Many times, the wind at ground level and just above the tree line are a bit different. Causing a rocket to either veer off course (most notably the sci-fi Viper) or the chute to carry it several blocks more than planned...

Thanks for the comments. I realize that the wind at higher altitudes is going to be different than that at the launch site. It also occurs to me that wind is three dimensional: it won't exert a purely orthogonal force to the flight of the rocket.

However, I was thinking that I could project where I thought the rocket would land, and then use a GPS to mark the actual landing site. The difference between the two would be a combination of two factors: environmental effects, and then imperfections in the build of the rocket itself. I was playfully thinking of the latter quantity as "rocket fudge."

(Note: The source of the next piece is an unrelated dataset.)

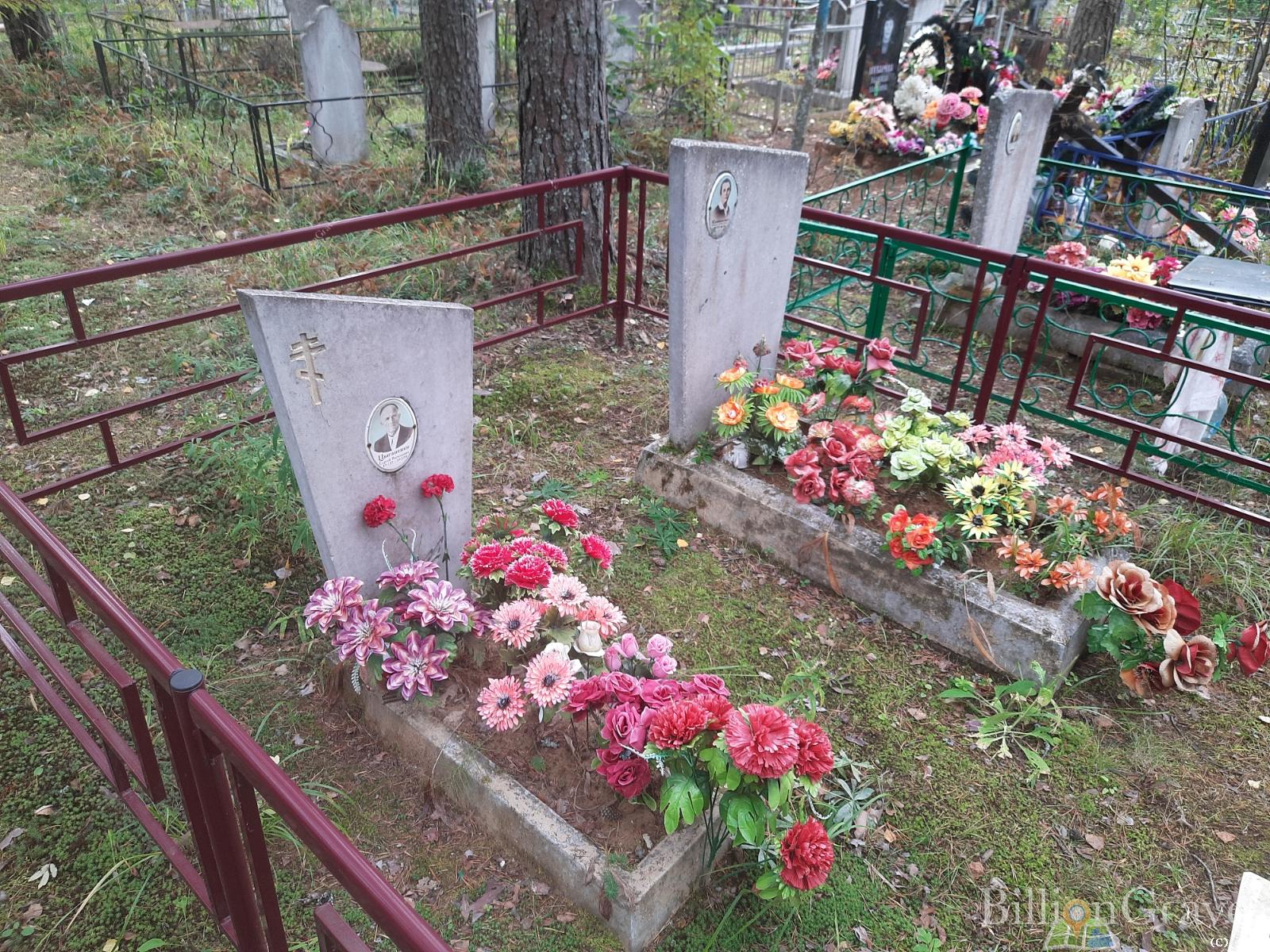 Цыганенко Лариса Ивановна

Over consecutive launches on the same day, environmental effects might be consistent enough to include as rough estimates. I'm not expecting to predict the exact spot in which the rocket will land, although I do think it would be cool to have a contest to accurately predict the landing site. If I could bring the rockets down within 50 yards of the launch site, then I think that would be a success.

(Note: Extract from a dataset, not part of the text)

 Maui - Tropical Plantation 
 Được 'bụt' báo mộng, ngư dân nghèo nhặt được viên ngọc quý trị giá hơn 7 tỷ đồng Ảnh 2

I'll update this thread with my progress. It could still be a fool's errand, but at the moment it's very intriguing for me! :cool:

Please post the results. My guess is that the lower the impulse, the tighter the CEP will be.

Greg

I think that this is more art than science. You develop a feel for where your rockets will land based on your knowledge of the specific field, your experience launching rockets in it under various conditions, and your experience launching your specific rockets with various motors. It all gets combined and processed in your brain to produce something akin to an intuitive feel for the process. I wish it could be reduced to a set of equations, I really do. No expert system or artificial intelligence ever invented has ever had anything like the information processing power of the human brain, nor has any technology ever had anything approaching the incredibly tight coordination of eye, hand and mind. The quadrillions of computations that are executed between our ears every second take place at a level just below consciousness, and they produce results that we perceive as intuition and experience-derived knowledge. I suspect that the most successful predictions of the landing spots for our unguided model rockets will be achieved through the use of these stupendously powerful tools.

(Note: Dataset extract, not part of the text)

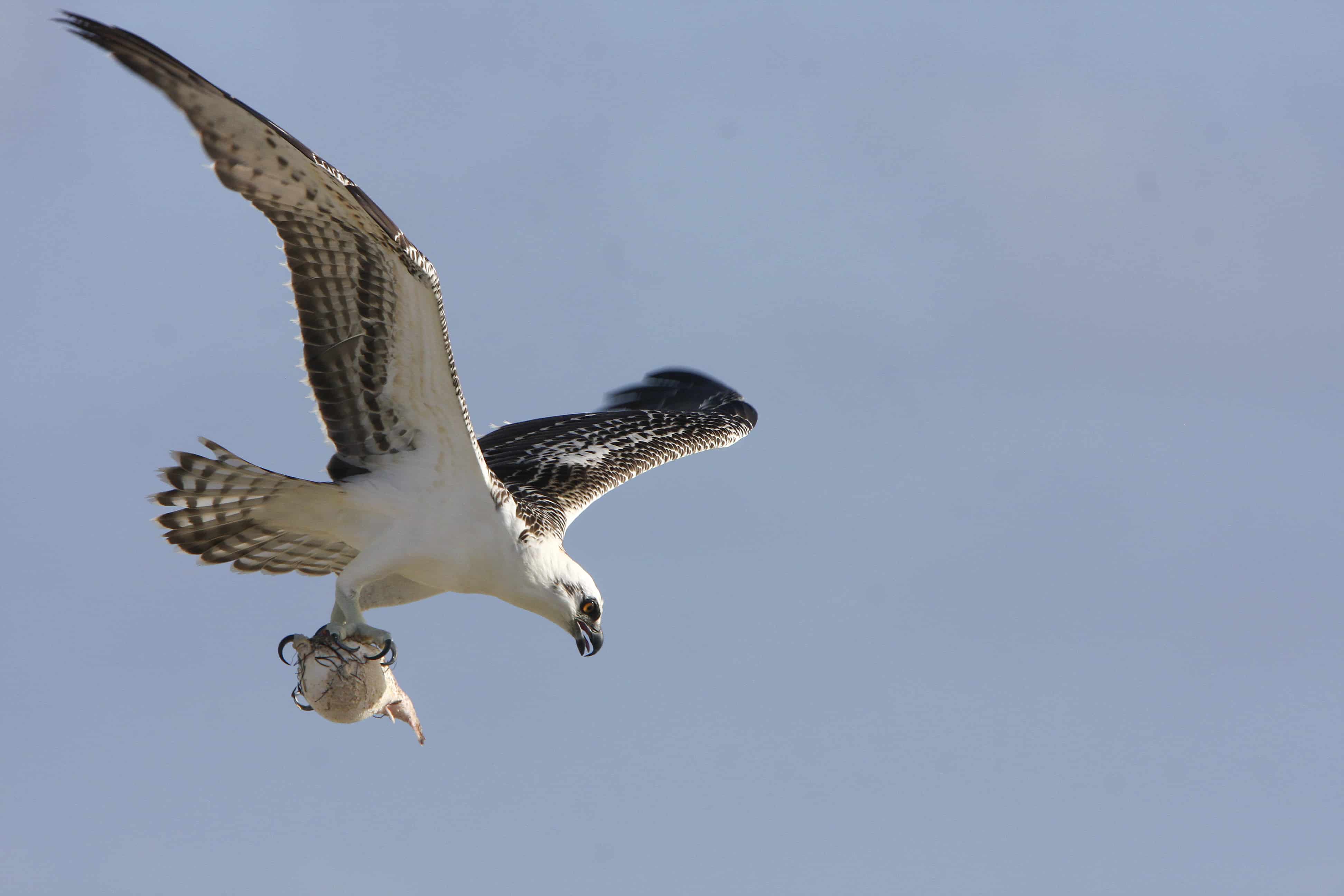 Osprey over Wheeland Ponds, Providenciales, with fish recently caught in the sea nearby;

In other pursuits, this is sometimes known as a "home field advantage."


Bill

Except that it can be acquired anywhere. One just has to spend a little bit of time at a location and launch some rockets there. None of us ever go to totally new and unfamiliar launch fields all that often. We all do almost all of our launching at a restricted number of sites. Over time the peerless technology that we were all born with gathers the high quality data and performs the ultra-sophisticated multivariate analyses that enable us to fly our rockets in them with ever-improving skill.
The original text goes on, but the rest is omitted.